Send request from the backend to http://htmlsnapshot.appspot.com?url=http://example.com#!tab=TabA&subtab=SubTab3 (url param should be URLEncoded)
Render the returned HTML Snapshot to the frontend.
Google Indexes the content and we rejoice!
I don't have any experience with Google App Engine or Java or HTMLUnit.
I might be able to figure it out... and will post my results if I do.
Otherwise I feel this is a VERY good opportunity for someone to write a kick-ass blog post that outlines a novices step-by-step guide to setting up a web service like this.
This will introduce more people to the excellent (and free!) Google App Engine. Also it will undoubtably encourage more people to adopt Google's specs for crawlable AJAX content... something we can all benefit from!
As Google's specification gains more acceptance the "hurdle" of setting up a Headless Browser is going to send many devs Googling for answers! Get in now with an answer for fame and glory! (edit: at the very least I will sing your praises).
Hit me up on twitter #_chrisjacob if you would like to discuss solutions.
I have successfully used HTMLunit on AppEngine. My GWT code to do this is available in the gwt-platform project the results I got were similar to that of the HTMLunit-AppEngine test application by Amit Manjhi.
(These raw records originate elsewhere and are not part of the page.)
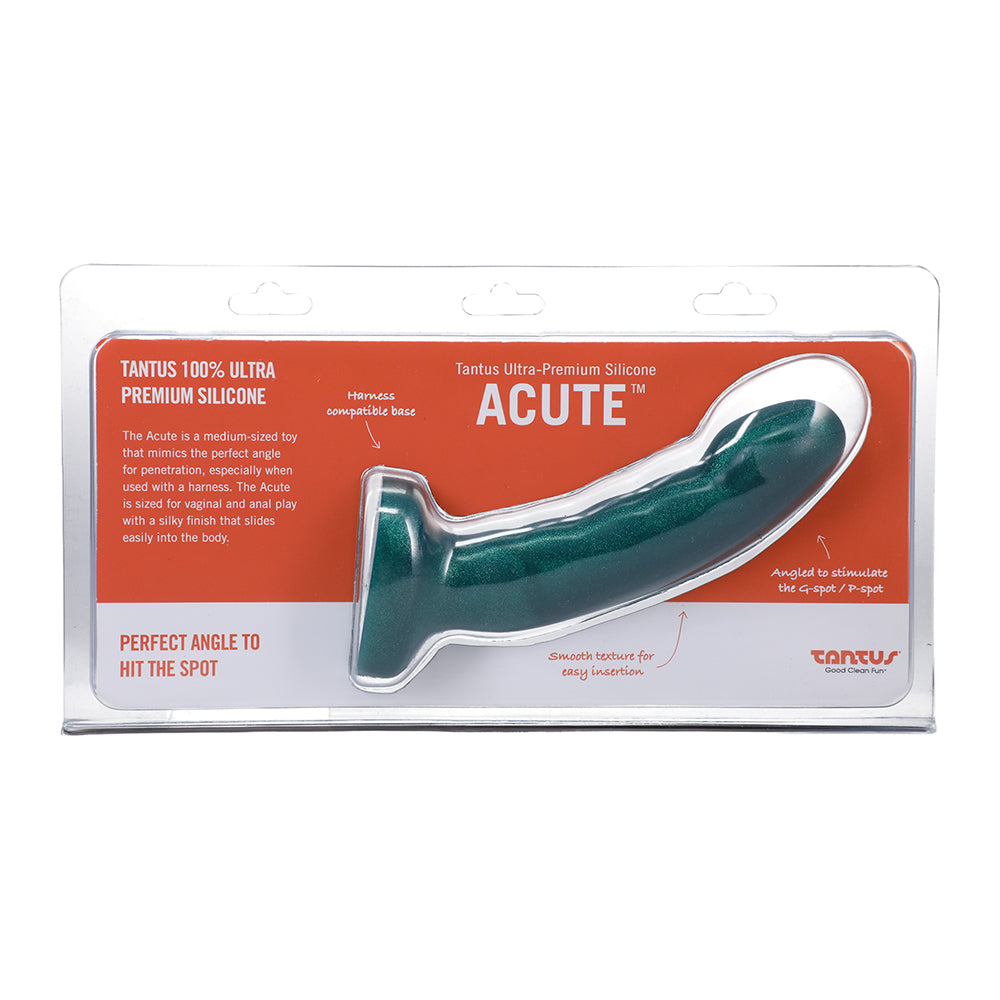 Tantus Acute 5.5 " Curved Dildo Medium-Firm Emerald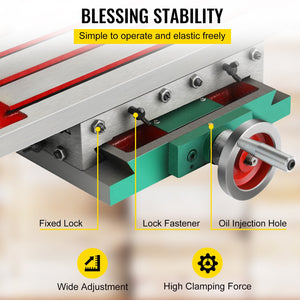 Compound Milling Machine Table | 450x170mm 2-Axis Cross Slide Drill Vice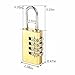 Combination Lock, Padlock, Digit Padlock for Luggage/Gym/Office/ School/Home (Brass01)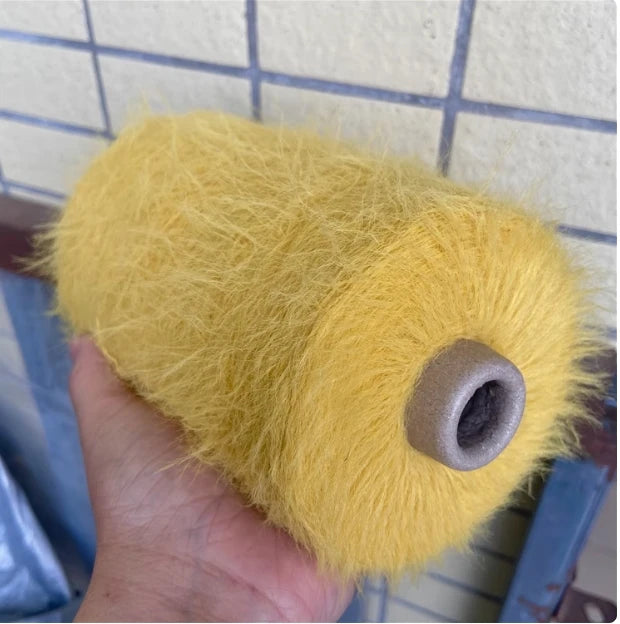 500g Imitation Mink Woolen Yarn Baby Thread Double-sided Woolen Thread DIY Hand-knitted Scarf Shawl Sweater Crochet Thread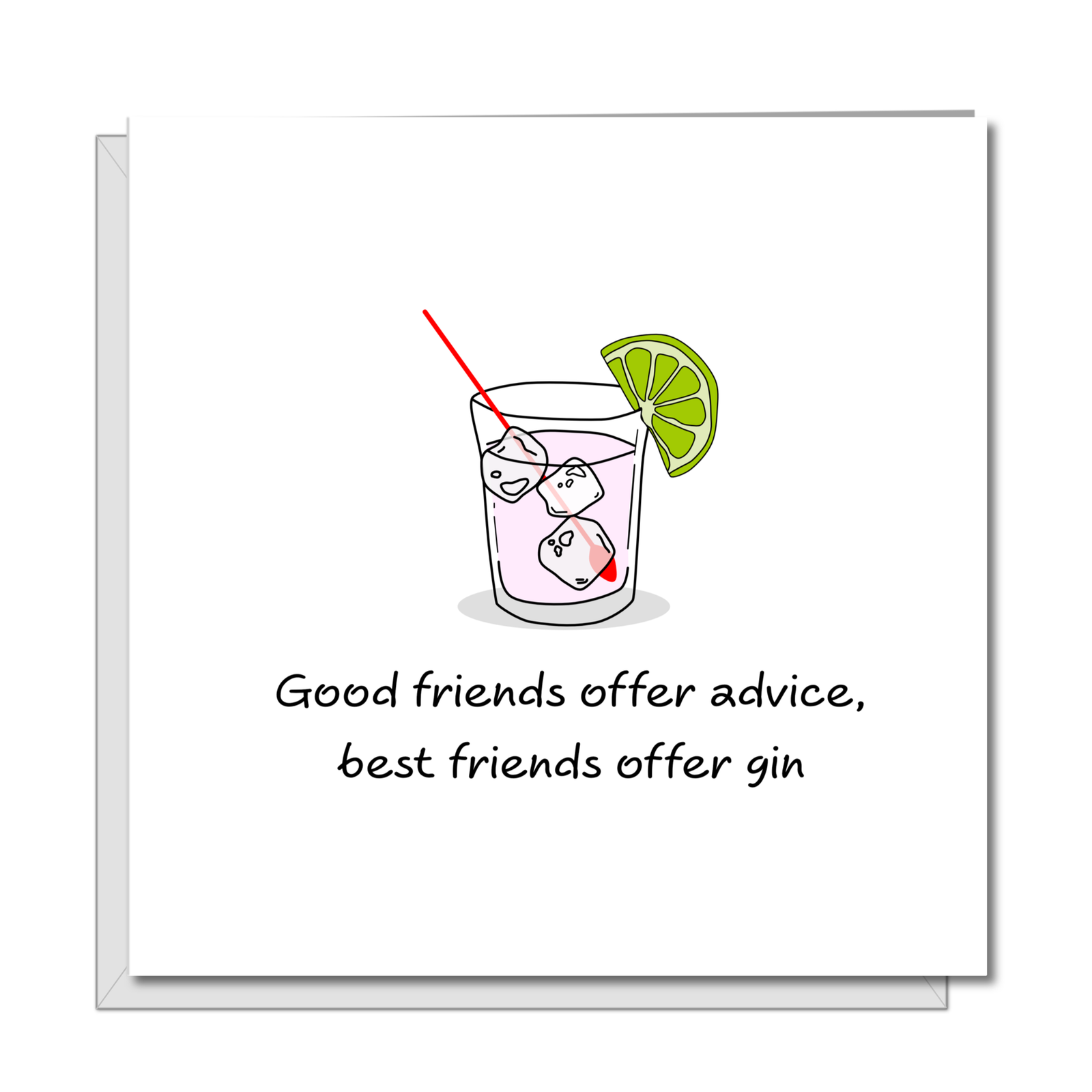 Funny Birthday Card - Gin and Tonic - Best friends, girl friend, bestie, BFF - spirits vodka party fun
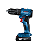 Combo Gsb 185-li + Gdr 18v-215 Com 2 Baterias E Maleta Bosch - Imagem 7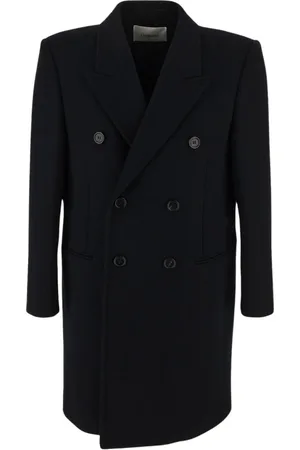 Saint Laurent Herren, Mäntel, Schwarzk, LGröße: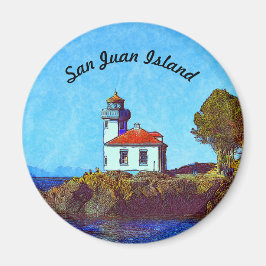 San Juan Island Limon Kiln Leuchtturm Magnet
It should be relatively easy to use GWTP current HTMLunit support to do exactly what you describe, although you could likely do it in a simpler app. One problem I see is that AppEngine requests have a 30 second timeout, so you can't have a page that takes HTMLunit longer than that to process.
UPDATE:
It's been a while, but I finally closed the long standing issue about making GWT applications crawlable using GWTP. The documentation is not entirely there, but check out the issue:
http://code.google.com/p/gwt-platform/issues/detail?id=1